The taxation of digitalised businesses continues to be a hot topic for the OECD and jurisdictions such as the UK. The perceived problem is that large, global, highly digitalised businesses are paying less tax than they should, and market jurisdictions e.g. where a high volume of sales take place or value is otherwise generated through 'users' do not get their slice of the tax pie.
Whilst discussions are ongoing at OECD level, a number of countries, including the UK, are looking to introduce an 'interim' digital services tax (DST). The UK's DST is a 2% tax chargeable on the gross revenues of large digital services businesses which are attributable to an "in-scope activity" and are linked to UK users. It will apply to revenues earned on or after 1 April 2020.
At OECD level, a 'programme of work' was endorsed by the G20 in June 2019 which promised to look further at the two "pillars" underpinning a proposed long-term solution which is ambitiously targeted to be agreed by the end of 2020. This was followed up with public consultations on the two pillars in Autumn 2019 which included further details of the proposals.
Pillar 1 looks at when a taxable presence could be created in a market jurisdiction where there would not otherwise be one e.g. because there is no physical presence in that jurisdiction (a "digital PE") together with the allocation of taxing rights to market jurisdictions and the interaction with existing transfer pricing rules.
Pillar 2 is concerned with having an overall minimum level of taxation for large digital businesses that operate globally.

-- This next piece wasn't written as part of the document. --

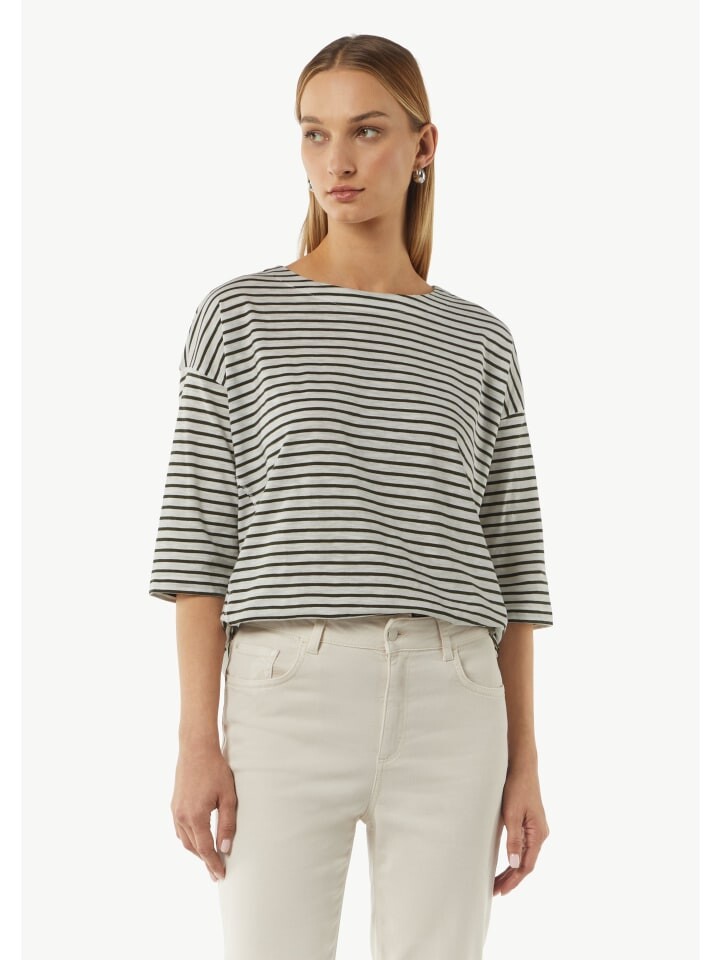 Футболка comma CI T-Shirt kurzarm, оливковый
Футболка comma CI T-Shirt kurzarm, оливковый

This minimum tax could be achieved in a number of ways including allowing jurisdictions to tax 'undertaxed' amounts and/or imposing withholding taxes on payments that would otherwise be 'undertaxed'. However, the thinking around this pillar is less developed than under pillar 1.
What is a digital business?
The UK's DST targets certain types of business activity, being social media platforms (including dating websites), search engines and online marketplaces. Revenues derived from these activities will be taxed in the UK if (i) the global business has more than £500 million of global revenue from the activities and (ii) more than £25 million of that revenue is linked to the UK i.e. generated as a result of 'UK users'. There will be a safe harbour election if the group has low UK profit margins allowing an alternative method to calculate the tax due.

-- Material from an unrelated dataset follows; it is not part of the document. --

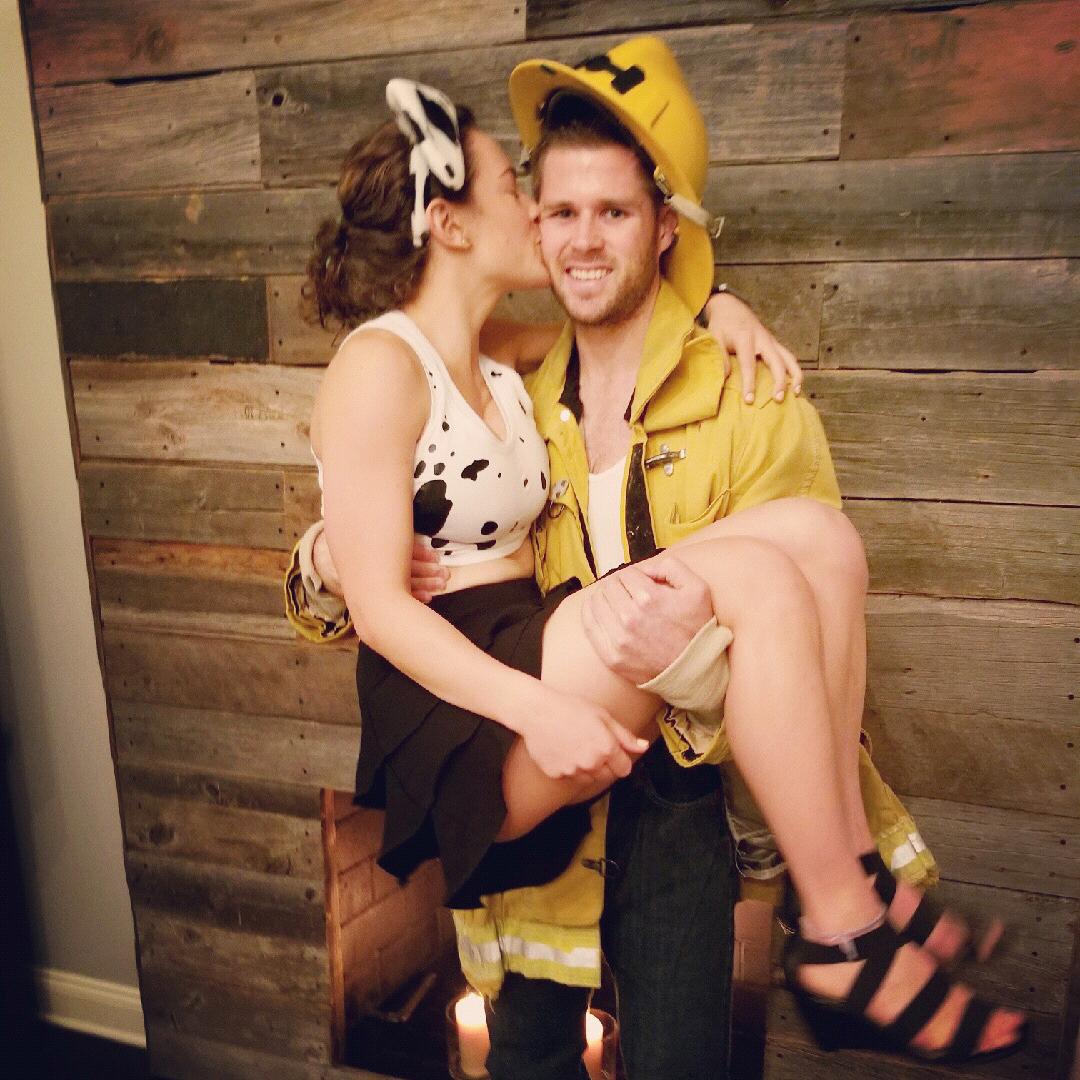 Halloween kisses!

However, the OECD is taking a much wider approach, with a broader focus that includes consumer-facing businesses e.g. "businesses that generate revenue from supplying consumer products or providing digital services that have a consumer-facing element". This could catch large retailers and other businesses that operate digitally from remote locations. Certain carve outs are expected to be introduced e.g. for extractive industries and possibly financial services (which the consultation says will be considered further). An overall global revenue threshold e.g. of €750million that would prevent smaller businesses being caught by the new rules will also be considered.
How will profits be allocated?
The proposal under Pillar 1 suggests three possible amounts that could be allocated to market jurisdictions which go further than amounts currently allocated under the arm's length principle.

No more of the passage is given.